**REQUIRED WORK**
Repeat exactly the line that contains "this 200×283 image." and every line below it to the end of the material, omitting all others.

--- DATASET EXTRACT ---

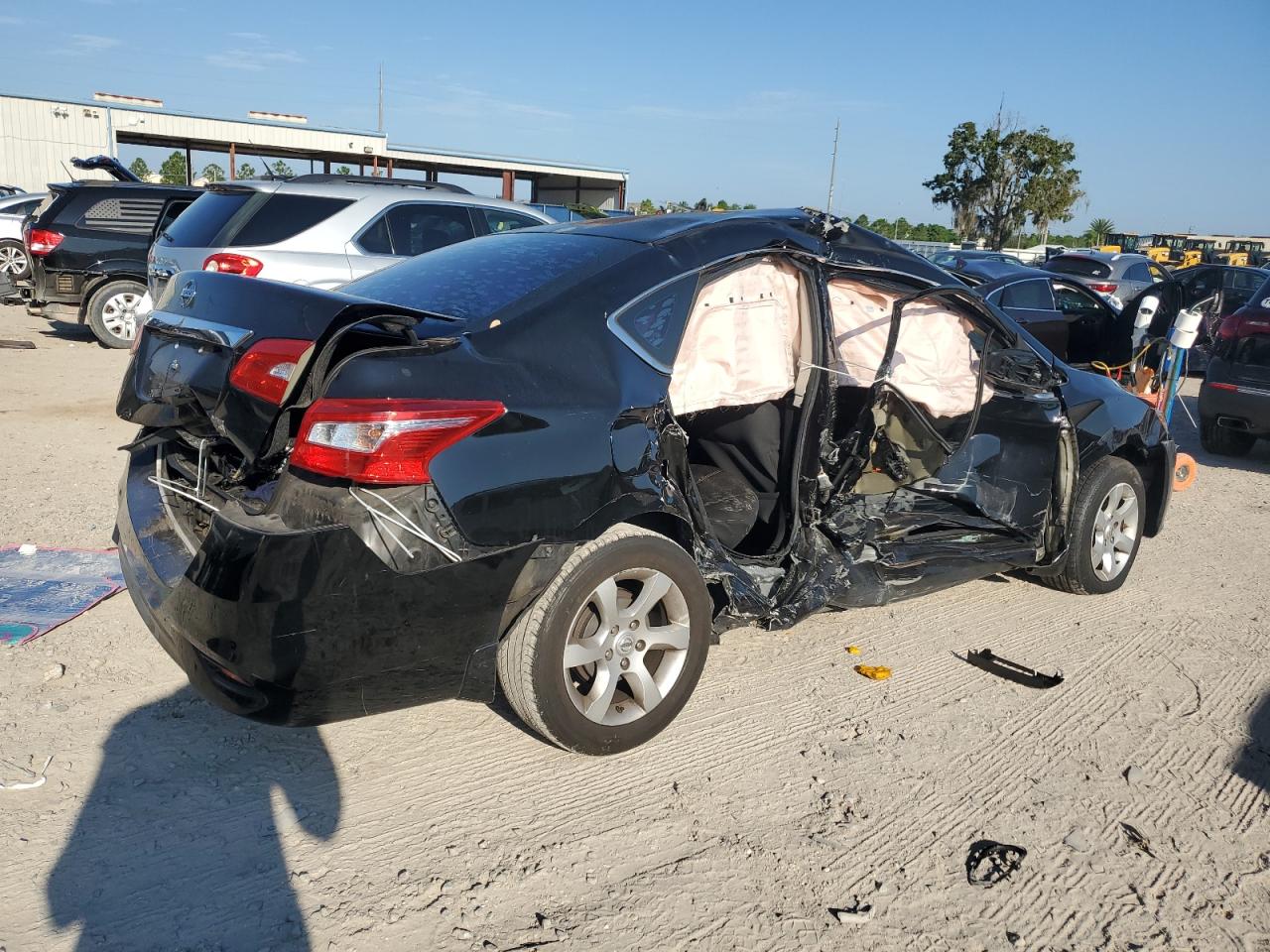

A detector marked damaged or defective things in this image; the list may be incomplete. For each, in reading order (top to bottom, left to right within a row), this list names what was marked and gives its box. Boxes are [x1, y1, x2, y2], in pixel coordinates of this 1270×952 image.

broken tail light [26, 230, 64, 256]
broken tail light [203, 251, 262, 278]
broken tail light [227, 339, 312, 405]
broken tail light [292, 397, 506, 484]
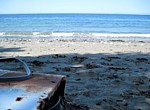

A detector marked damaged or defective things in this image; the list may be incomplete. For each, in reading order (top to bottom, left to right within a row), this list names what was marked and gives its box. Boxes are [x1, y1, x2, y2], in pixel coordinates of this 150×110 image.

rusted metal toilet [0, 58, 65, 109]
corroded metal [0, 73, 65, 109]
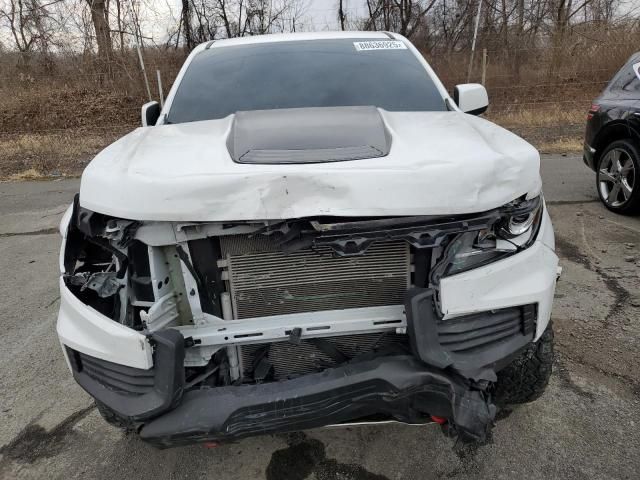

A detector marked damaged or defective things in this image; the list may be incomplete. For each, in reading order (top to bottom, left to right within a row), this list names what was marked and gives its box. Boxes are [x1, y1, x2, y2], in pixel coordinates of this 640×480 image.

crumpled hood [79, 110, 540, 221]
crashed white suv [60, 31, 560, 448]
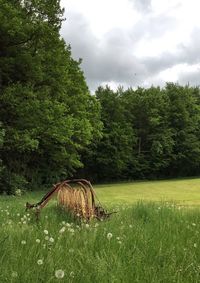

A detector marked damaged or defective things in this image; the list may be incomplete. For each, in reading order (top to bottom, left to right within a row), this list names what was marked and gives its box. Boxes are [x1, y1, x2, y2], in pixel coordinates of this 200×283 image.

rusted farm implement [25, 180, 112, 222]
rusty metal machinery [25, 180, 112, 222]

---

**ANSWER AREA**
A detector marked damaged or defective things in this image; the list may be incomplete. For each, in reading order (top to bottom, left to right within a row), this list names what was marked and gives its box. Boxes are [x1, y1, x2, y2], in pixel coordinates of this 200×283 image.

rusted farm implement [25, 180, 112, 222]
rusty metal machinery [25, 180, 112, 222]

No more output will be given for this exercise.